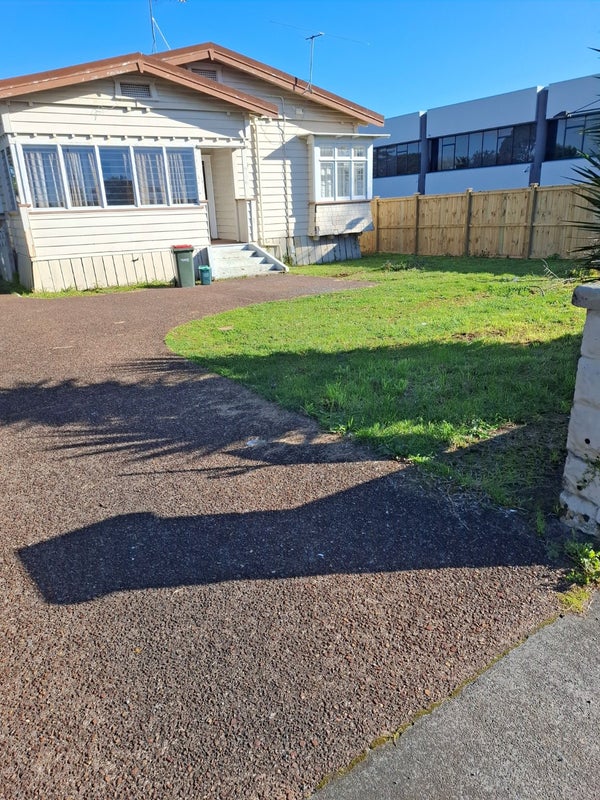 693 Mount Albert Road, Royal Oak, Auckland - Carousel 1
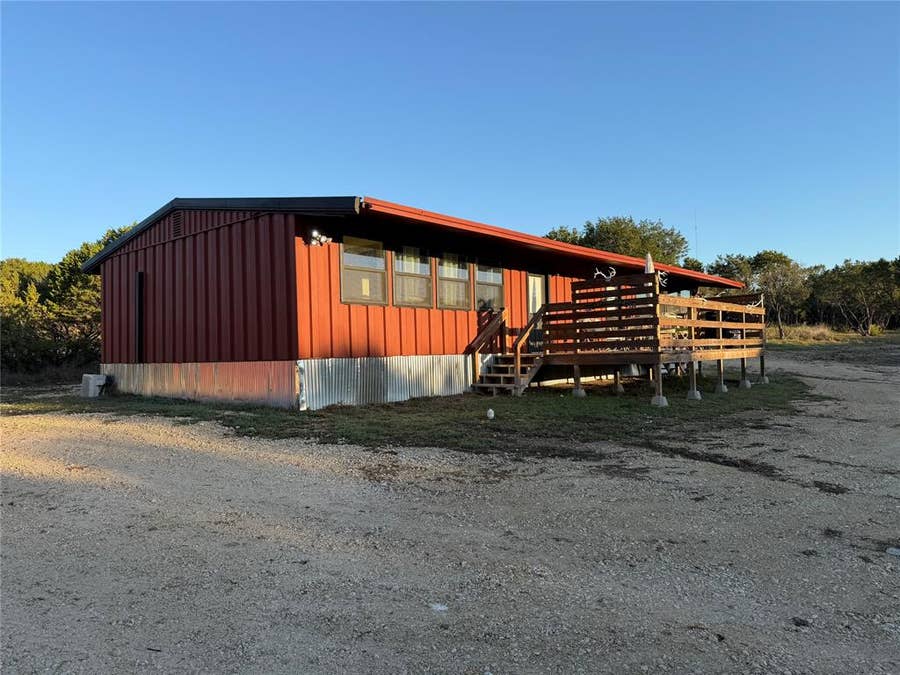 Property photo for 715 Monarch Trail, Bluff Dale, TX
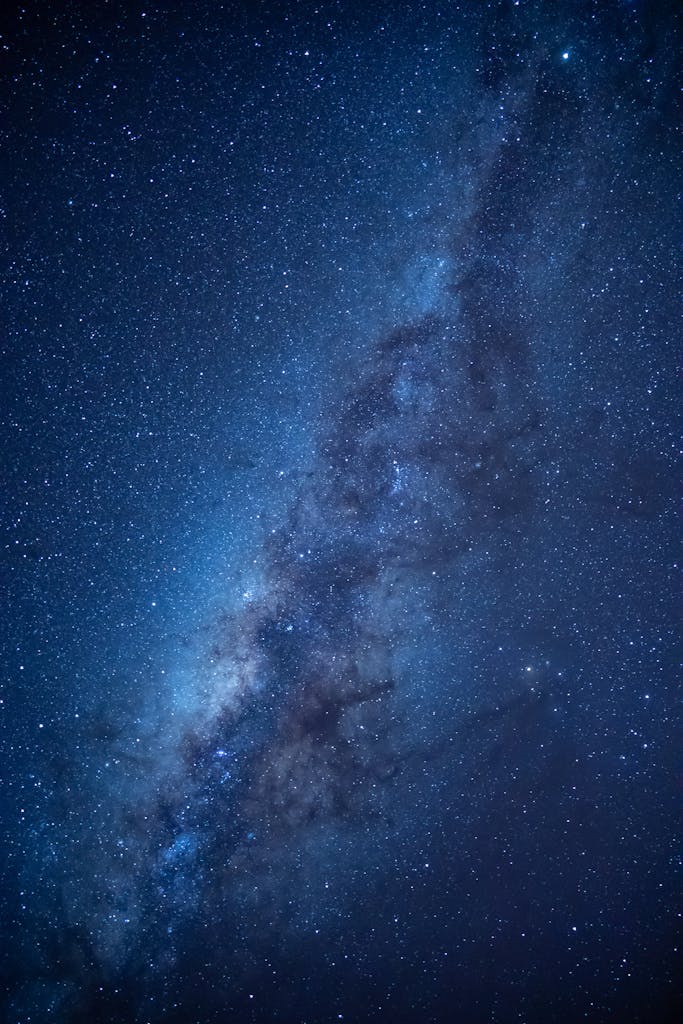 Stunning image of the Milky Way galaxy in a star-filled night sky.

--

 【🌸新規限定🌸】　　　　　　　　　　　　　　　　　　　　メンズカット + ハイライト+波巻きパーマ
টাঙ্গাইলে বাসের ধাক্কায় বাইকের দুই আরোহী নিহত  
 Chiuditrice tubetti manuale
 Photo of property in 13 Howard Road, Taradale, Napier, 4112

_Exercise_
For this exercise, reproduce exactly the lines of the records above from the one with "Property photo for" up to and including the one with "Stunning image of", without pictures.

_Your response_
 Property photo for 715 Monarch Trail, Bluff Dale, TX
 Stunning image of the Milky Way galaxy in a star-filled night sky.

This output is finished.